(Problem to work on): Below are the records; copy every line in them that holds the string "Pack".

(Material shown):
===
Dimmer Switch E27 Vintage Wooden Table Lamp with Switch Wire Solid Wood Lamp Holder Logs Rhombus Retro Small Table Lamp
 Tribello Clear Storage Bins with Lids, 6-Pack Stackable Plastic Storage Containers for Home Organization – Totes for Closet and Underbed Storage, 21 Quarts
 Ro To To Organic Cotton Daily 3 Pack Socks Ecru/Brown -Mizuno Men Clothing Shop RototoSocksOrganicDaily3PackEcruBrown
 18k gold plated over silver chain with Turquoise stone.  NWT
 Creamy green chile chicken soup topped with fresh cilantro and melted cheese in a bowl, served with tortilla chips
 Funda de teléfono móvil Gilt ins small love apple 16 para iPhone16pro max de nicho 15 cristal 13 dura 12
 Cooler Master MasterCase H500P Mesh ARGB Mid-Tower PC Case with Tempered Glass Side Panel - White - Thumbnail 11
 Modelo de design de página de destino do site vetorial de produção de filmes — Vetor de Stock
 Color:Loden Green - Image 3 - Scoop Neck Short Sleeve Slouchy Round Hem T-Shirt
===
(Solution to this exercise):
 Tribello Clear Storage Bins with Lids, 6-Pack Stackable Plastic Storage Containers for Home Organization – Totes for Closet and Underbed Storage, 21 Quarts
 Ro To To Organic Cotton Daily 3 Pack Socks Ecru/Brown -Mizuno Men Clothing Shop RototoSocksOrganicDaily3PackEcruBrown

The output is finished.